En la plaza de la Picota se halla el pedazo de granito más representativo de El Berrueco, una columna del año 1000 usada a partir del siglo XVI como rollo jurisdiccional, el único de que hay noticia en la sierra madrileña. Estos rollos o picotas servían, las más de las veces, como meras señales de advertencia -ojo, aquí se ajusticia-, pero también para atar y exponer a los reos a la vergüenza pública y, de tarde en tarde, colgar las piltrafas de algún infeliz descuartizado por el verdugo. Por eso le dice el diablo Cojuelo a don Cleofás: "Mira qué gentil árbol berroqueño, que suele llevar hombres como otros fruta".

Otras piezas de granito de uso más cotidiano, y grato de recordar, son las que pueden verse saliendo de la misma plaza por la calle Huertos. Pilas, brocales, pesebres, hornillas palomeras, rulos de era, abrevaderos y ruedas de molino harinero y aceitero integran el museo de la Cantería, una exposición al aire libre que, desde su inauguración en 2002, constituye la más original puesta en valor del patrimonio etnográfico de la sierra norte. Al margen de su utilidad, los objetos que en él se exhiben han adquirido con el paso de los años una prestancia escultórica.
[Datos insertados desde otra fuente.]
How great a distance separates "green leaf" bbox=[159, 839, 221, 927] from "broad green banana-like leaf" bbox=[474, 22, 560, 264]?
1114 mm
En el otro extremo del museo, se alza la iglesia de Santo Tomás Apóstol, quizá del siglo XIII, con bella portada románico-mudéjar. Desde su posición elevada se ve el mayor embalse de Madrid, el de El Atazar, donde el Lozoya finge un profundo fiordo, encajonado entre las sierras de Puebla y de Patones, y la atalaya árabe, un faro.

A pocos pasos, monte abajo, está el canal de El Villar, obra de mampostería de granito de 1912, por cuya cubierta de tierra podemos pasear cómodamente a lo largo de siete kilómetros, con rumbo norte, siempre a la vera del embalse. Veremos puentes y almenaras, encinas y enebros, liebres y zorros, pero también las aguas demasiado bajas y los escollos graníticos donde, si no cesa la sequía, vamos a encallar los madrileños.